▶ **SUPPLIED MATERIAL**

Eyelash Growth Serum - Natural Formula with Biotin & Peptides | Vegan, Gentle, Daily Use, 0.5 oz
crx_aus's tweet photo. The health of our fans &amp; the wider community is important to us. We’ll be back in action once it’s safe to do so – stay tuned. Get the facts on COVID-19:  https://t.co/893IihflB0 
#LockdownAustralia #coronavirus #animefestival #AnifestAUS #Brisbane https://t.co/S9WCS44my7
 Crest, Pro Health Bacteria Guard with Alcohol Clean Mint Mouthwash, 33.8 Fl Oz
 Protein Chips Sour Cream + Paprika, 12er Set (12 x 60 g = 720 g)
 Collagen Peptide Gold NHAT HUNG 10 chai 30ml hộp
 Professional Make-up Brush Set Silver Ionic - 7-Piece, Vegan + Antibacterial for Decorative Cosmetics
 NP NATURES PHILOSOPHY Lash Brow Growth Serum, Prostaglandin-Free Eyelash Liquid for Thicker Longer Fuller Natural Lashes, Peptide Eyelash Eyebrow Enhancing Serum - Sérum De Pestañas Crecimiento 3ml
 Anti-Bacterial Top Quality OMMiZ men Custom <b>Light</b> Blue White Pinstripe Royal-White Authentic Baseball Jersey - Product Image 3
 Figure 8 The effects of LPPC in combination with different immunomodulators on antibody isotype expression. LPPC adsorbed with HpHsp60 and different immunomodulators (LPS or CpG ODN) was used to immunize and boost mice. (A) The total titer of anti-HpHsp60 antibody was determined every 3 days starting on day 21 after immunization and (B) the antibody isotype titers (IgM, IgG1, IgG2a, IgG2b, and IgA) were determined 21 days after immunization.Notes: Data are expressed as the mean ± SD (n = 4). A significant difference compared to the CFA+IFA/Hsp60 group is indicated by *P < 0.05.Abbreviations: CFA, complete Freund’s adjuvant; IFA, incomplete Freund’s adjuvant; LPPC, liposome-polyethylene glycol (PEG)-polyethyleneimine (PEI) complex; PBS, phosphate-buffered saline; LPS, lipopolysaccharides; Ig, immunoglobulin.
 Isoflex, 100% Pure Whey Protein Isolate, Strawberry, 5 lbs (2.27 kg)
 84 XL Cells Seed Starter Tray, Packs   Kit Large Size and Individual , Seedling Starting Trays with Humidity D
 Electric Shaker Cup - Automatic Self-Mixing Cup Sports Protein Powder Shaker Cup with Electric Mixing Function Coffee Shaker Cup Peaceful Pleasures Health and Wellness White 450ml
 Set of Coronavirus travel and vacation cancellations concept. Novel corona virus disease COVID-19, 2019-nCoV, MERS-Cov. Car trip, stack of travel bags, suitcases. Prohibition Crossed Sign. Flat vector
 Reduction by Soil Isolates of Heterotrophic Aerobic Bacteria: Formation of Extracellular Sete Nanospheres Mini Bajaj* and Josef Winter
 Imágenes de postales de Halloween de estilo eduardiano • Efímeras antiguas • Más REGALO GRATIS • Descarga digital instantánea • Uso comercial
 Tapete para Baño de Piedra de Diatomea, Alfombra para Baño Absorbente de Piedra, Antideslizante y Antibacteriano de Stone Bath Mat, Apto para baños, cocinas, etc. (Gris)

▶ **TASK OBJECTIVE**
Transcribe every record above word for word.

▶ **REPLY**
Eyelash Growth Serum - Natural Formula with Biotin & Peptides | Vegan, Gentle, Daily Use, 0.5 oz
crx_aus's tweet photo. The health of our fans &amp; the wider community is important to us. We’ll be back in action once it’s safe to do so – stay tuned. Get the facts on COVID-19:  https://t.co/893IihflB0 
#LockdownAustralia #coronavirus #animefestival #AnifestAUS #Brisbane https://t.co/S9WCS44my7
 Crest, Pro Health Bacteria Guard with Alcohol Clean Mint Mouthwash, 33.8 Fl Oz
 Protein Chips Sour Cream + Paprika, 12er Set (12 x 60 g = 720 g)
 Collagen Peptide Gold NHAT HUNG 10 chai 30ml hộp
 Professional Make-up Brush Set Silver Ionic - 7-Piece, Vegan + Antibacterial for Decorative Cosmetics
 NP NATURES PHILOSOPHY Lash Brow Growth Serum, Prostaglandin-Free Eyelash Liquid for Thicker Longer Fuller Natural Lashes, Peptide Eyelash Eyebrow Enhancing Serum - Sérum De Pestañas Crecimiento 3ml
 Anti-Bacterial Top Quality OMMiZ men Custom <b>Light</b> Blue White Pinstripe Royal-White Authentic Baseball Jersey - Product Image 3
 Figure 8 The effects of LPPC in combination with different immunomodulators on antibody isotype expression. LPPC adsorbed with HpHsp60 and different immunomodulators (LPS or CpG ODN) was used to immunize and boost mice. (A) The total titer of anti-HpHsp60 antibody was determined every 3 days starting on day 21 after immunization and (B) the antibody isotype titers (IgM, IgG1, IgG2a, IgG2b, and IgA) were determined 21 days after immunization.Notes: Data are expressed as the mean ± SD (n = 4). A significant difference compared to the CFA+IFA/Hsp60 group is indicated by *P < 0.05.Abbreviations: CFA, complete Freund’s adjuvant; IFA, incomplete Freund’s adjuvant; LPPC, liposome-polyethylene glycol (PEG)-polyethyleneimine (PEI) complex; PBS, phosphate-buffered saline; LPS, lipopolysaccharides; Ig, immunoglobulin.
 Isoflex, 100% Pure Whey Protein Isolate, Strawberry, 5 lbs (2.27 kg)
 84 XL Cells Seed Starter Tray, Packs   Kit Large Size and Individual , Seedling Starting Trays with Humidity D
 Electric Shaker Cup - Automatic Self-Mixing Cup Sports Protein Powder Shaker Cup with Electric Mixing Function Coffee Shaker Cup Peaceful Pleasures Health and Wellness White 450ml
 Set of Coronavirus travel and vacation cancellations concept. Novel corona virus disease COVID-19, 2019-nCoV, MERS-Cov. Car trip, stack of travel bags, suitcases. Prohibition Crossed Sign. Flat vector
 Reduction by Soil Isolates of Heterotrophic Aerobic Bacteria: Formation of Extracellular Sete Nanospheres Mini Bajaj* and Josef Winter
 Imágenes de postales de Halloween de estilo eduardiano • Efímeras antiguas • Más REGALO GRATIS • Descarga digital instantánea • Uso comercial
 Tapete para Baño de Piedra de Diatomea, Alfombra para Baño Absorbente de Piedra, Antideslizante y Antibacteriano de Stone Bath Mat, Apto para baños, cocinas, etc. (Gris)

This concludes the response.